The Temple Scientist – Decoding Newton’s Codex

I made a promise to write again about Newton and here I am.  Just few days ago I concluded my work – The Temple Scientist – (Published by Melchisedek – Milan).
I’m really glad for this, also because I think that with Newton I completed a quite complicated “scientific” excursus.  It hasn’t been an easy process to both understand and unveil his knowledge, but I guess my previous work, dedicated to Descartes, has been fundamental to pave the path for my studies of the English genius.

Why such an interest for him?

To show how science owes its birth, for the majority, to a knowledge that to define only as esoteric is quite ridiculous at this stage.  And Newton is the perfect example to support this claim.

He’s the author of the first book of classical physics of the history of humanity (Mathematical Principles of Natural Philosophy or Principia) and he represented the typical image of the scientist ante-litteram, cold, detached, serious, unwilling to rely on any hypothesis, unless they could be tested by strict empiricism.

Basically for the history of science, he is the Science.

But (and here it gets interesting) in 1936 his image gets sadly and ultimately distorted, since, during one of the many auctions, organized by the Sotheby auction house, the so tormented personal documents (in truth just a small part of them) got finally bought by Lord Keynes (the famous economist) and by the Jewish Arabist A.S. Yahuda.  From then on dozens of biographers all over the world tried hard to link the dots and…understand.

What?

Simply why Isaac Newton wrote five millions and seven hundred thousands words by hand, of which one million and seven hundred were dedicated to science, one million to the study of the Apocalypse, the prophecies of Daniel, the Temple of King Solomon, the Prisca Sapientia (Sacred Wisdom) and the history of the Gentiles (without neglecting that of Judaism), and three millions words to…Alchemy.

Basically they wondered why the perfect scientist dedicated to science what seems to be only his spare time, in comparison to the other studies.

Few decades later, thanks to some enlightening biographies, like that of the American Betty Dobbs, a more in depth discussion on the role played by alchemy in Newtown’s mathematical breakthroughs began.

Primarily the question that mainstream researchers asked, which became the foundation of “The Newton Project” (a telematic project started in 1988 and still operating today) is the following:

“Assuming that there is a link between Newton’s interest in esoteric knowledge and the development of his scientific models, how all these topics could have merged to form a scientific work like that of the Principia?”  

I asked myself this question and I gave my answer.  Which one is it?

Well, start to read, but bear in mind that this is only a small part…we’ll talk about this again.

Temple-of-Salomon

Temple of King Solomon – Floor map drawn by Isaac Newton

 

Pros and Cons

Before exploring how, it’s important to know who was Newton and which one was the foundation of his knowledge, which became clearer once his personal documents became publicly available.
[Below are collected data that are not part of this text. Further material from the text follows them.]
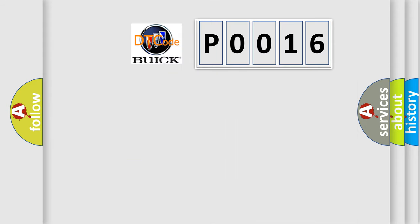So, what does the diagnostic trouble code P0016 interpret specifically for Buick car manufacturers?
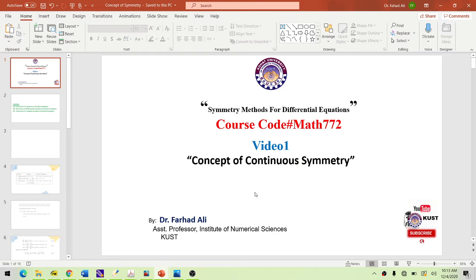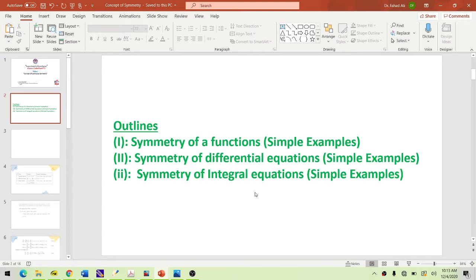In this video we want to give a simple concept of continuous symmetry. The outline of the video covers: symmetry of a function, symmetry of a differential equation, and symmetry of an integral equation.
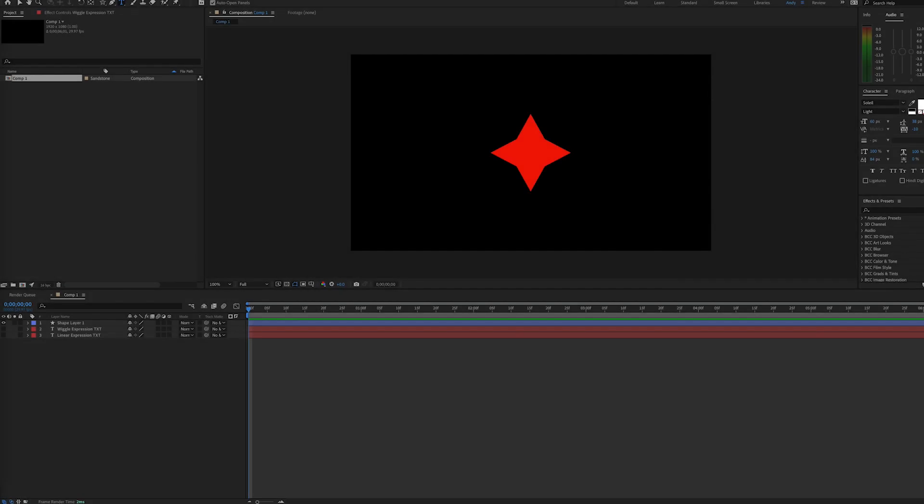Hello, this is Andy Ford Video, and we're going to look at looping a wiggle. You've probably learned a wiggle expression early in your After Effects career, but there can certainly be difficulties in making the wiggle loop.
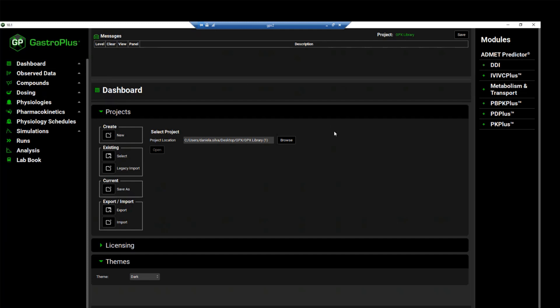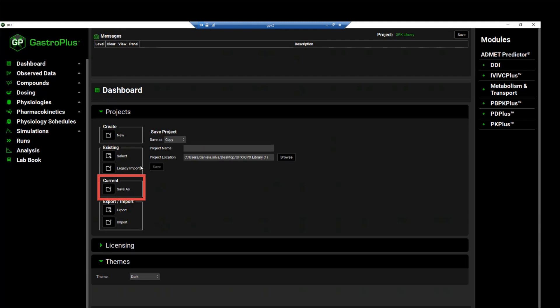Before we do our exercise, we will save a copy of this project. To do so, click on the icon next to save as and leave the copy selected from the save as dropdown.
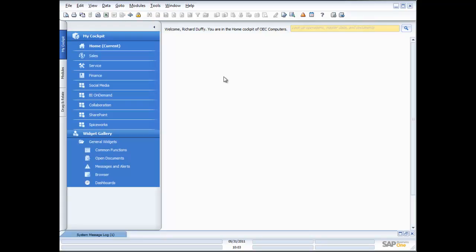This is the SAP Business One user interface. We've designed the software to make it as easy to use as possible, to make it simple, crisp and clean so that your people actually want to use the software.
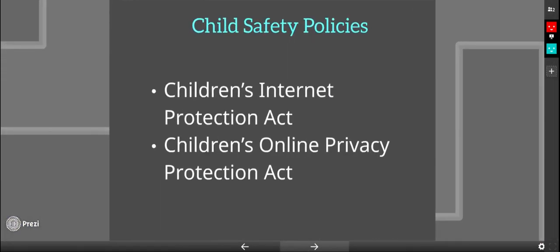Child safety policies are very important to us. We have taken into consideration the Children's Internet Protection Act and the Children's Online Privacy Protection Act.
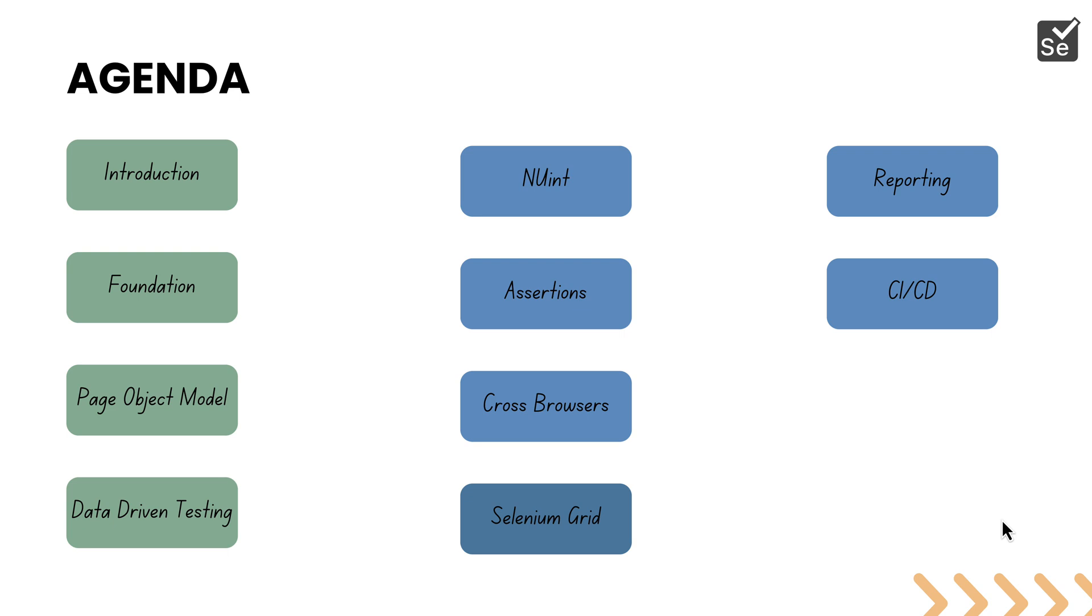So this is the agenda of the course. At the end of this course, you'll have complete knowledge of how to build Selenium from zero all the way to deploying Selenium test code in a CI/CD pipeline. I'm quite excited for this course and I'm sure you'll love it like I did while building it.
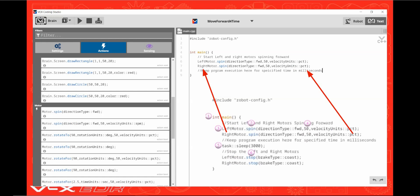Now repeat those steps by dragging another motor command over, edit the motor to right motor and change the RPMs to PCT.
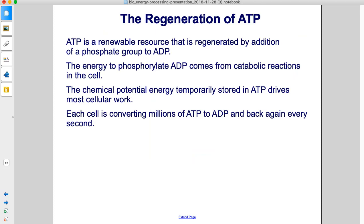The regeneration of ATP. ATP is a renewable resource that is regenerated by addition of a phosphate group to ADP. The energy to phosphorylate ADP comes from catabolic reactions in the cell. The chemical potential energy temporarily stored in ATP drives most cellular work. Each cell is converting millions of ATP to ADP and back again every second.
Let’s start then with his relationship with the Divine.

Isaac Newton was a firm Puritan, who at some point of his life adhered to Arianism, becoming a sort of religious fundamentalist.

He hated the Holy Roman Church, contested the dogmas of Trinity and Homoousion, tolerated the Anglican Church and considered the bible the only book in which it was possible to read the word of God.  He actually considered the latter sacred in its true sense.

It was then for him Divine Providence, the modality through which God led his herd; in this context the Apocalypse was a Divine event which would have run over both the history of the earth and that of humanity in order to redeem them both.  An event that he saw as decipherable in the prophecies of Daniel and Ezekiel.

He believed the biblical exegesis to be law, and that despite the latest and acclaimed findings of philosophy (term used at the time to refer to the new born physics), he believed it deserved respect, being the modality through which the divine book could unveil the laws of creation, and creation was in its turn to be intended as a book to be read through the laws of nature.

He considered all the religions of his time as being corrupted by men and believed that only Judaism retained traces of sacredness – a sacredness which came from the most ancient expression of religion (The Prisca Theology), which identified the heavens and their laws with God.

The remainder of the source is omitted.